◆ **Your task**
Reproduce each record below in full, word for word, without images.

----- Exercise inputs -----

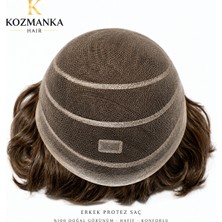 Kozmanka Erkek Protez Ultra Tul Premum 3b 8*10 65 gr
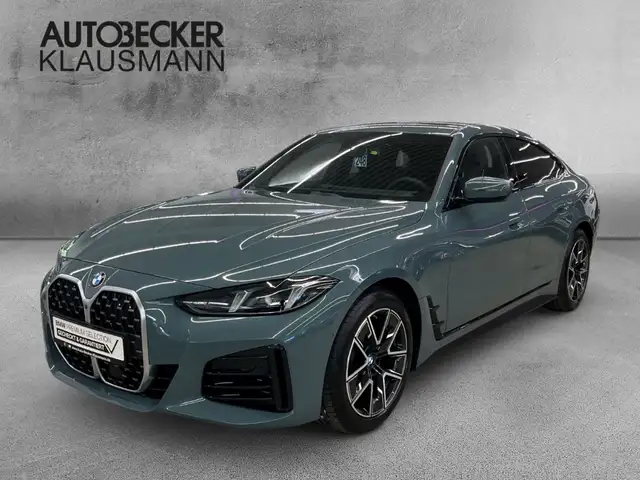 2025 BMW 4 Series in Green for sale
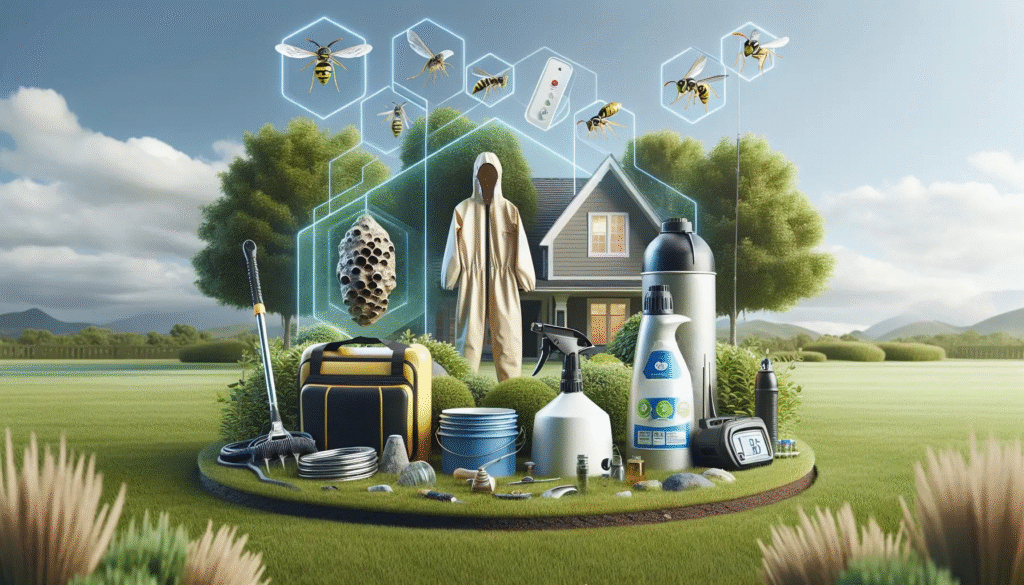 Wasp Control Services Near Me
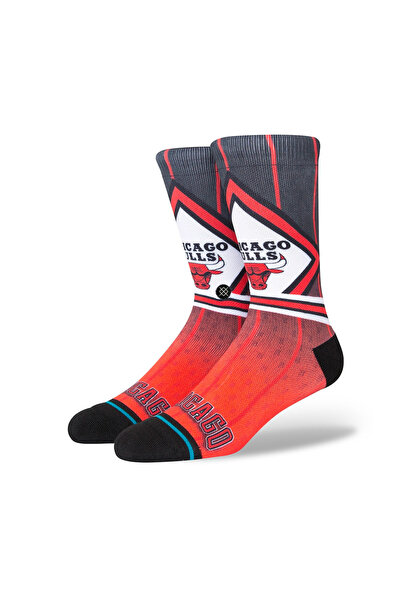Stance ΕΝΕΡΓΕΙΑ NBA CHI GRADE A556D25CBG-RED Κόκκινο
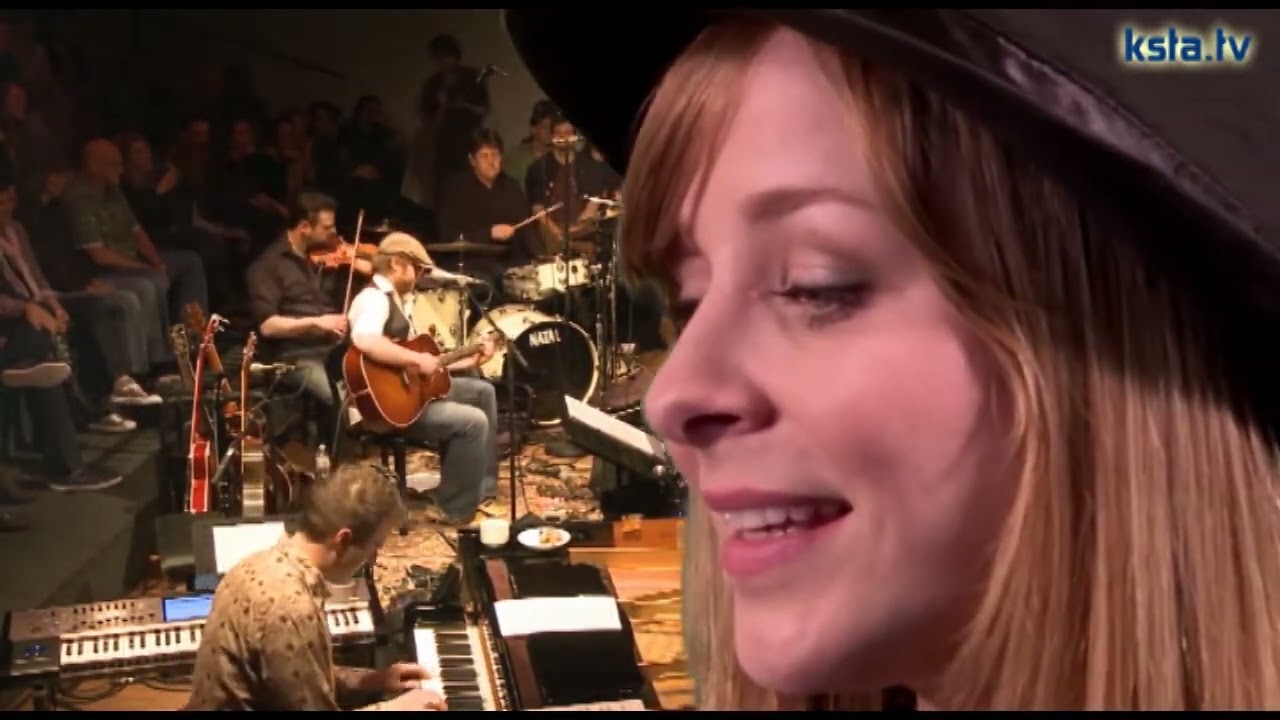 Gregor Meyle & Jasmin Schwiers - Dann bin ich zu Haus (Live - Unplugged) (ksta tv) (2012)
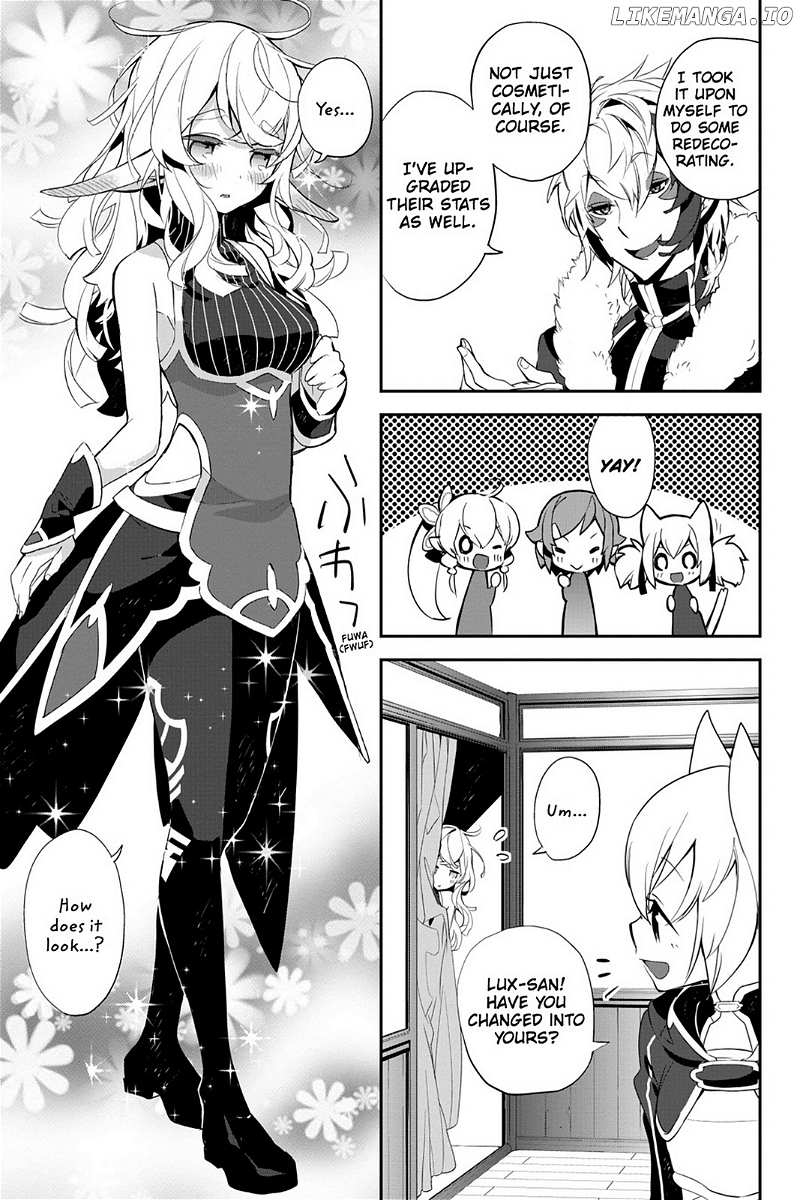 Sword Art Online - Girls Ops chapter 10 - page 39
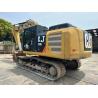 Buy cheap USED CAT 329E EXCAVATOR CATERPILLAR 329E SECOND-HAND 600mm TRACK WIDTH from wholesalers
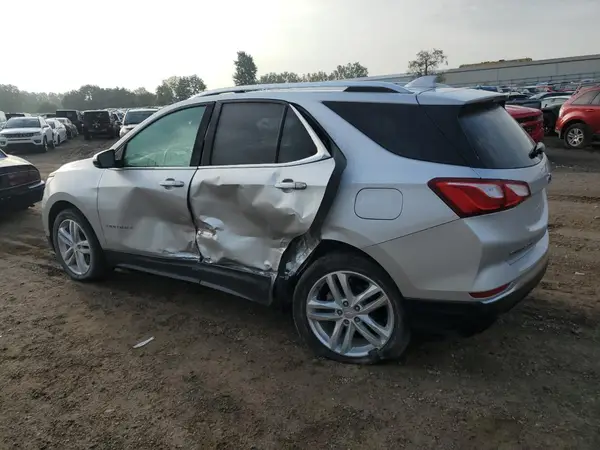 3GNAXYEX8LS610513 2020 CHEVROLET EQUINOX - Image 2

-----

◆ **Result**
 Kozmanka Erkek Protez Ultra Tul Premum 3b 8*10 65 gr
 2025 BMW 4 Series in Green for sale
 Wasp Control Services Near Me
Stance ΕΝΕΡΓΕΙΑ NBA CHI GRADE A556D25CBG-RED Κόκκινο
 Gregor Meyle & Jasmin Schwiers - Dann bin ich zu Haus (Live - Unplugged) (ksta tv) (2012)
 Sword Art Online - Girls Ops chapter 10 - page 39
 Buy cheap USED CAT 329E EXCAVATOR CATERPILLAR 329E SECOND-HAND 600mm TRACK WIDTH from wholesalers
 3GNAXYEX8LS610513 2020 CHEVROLET EQUINOX - Image 2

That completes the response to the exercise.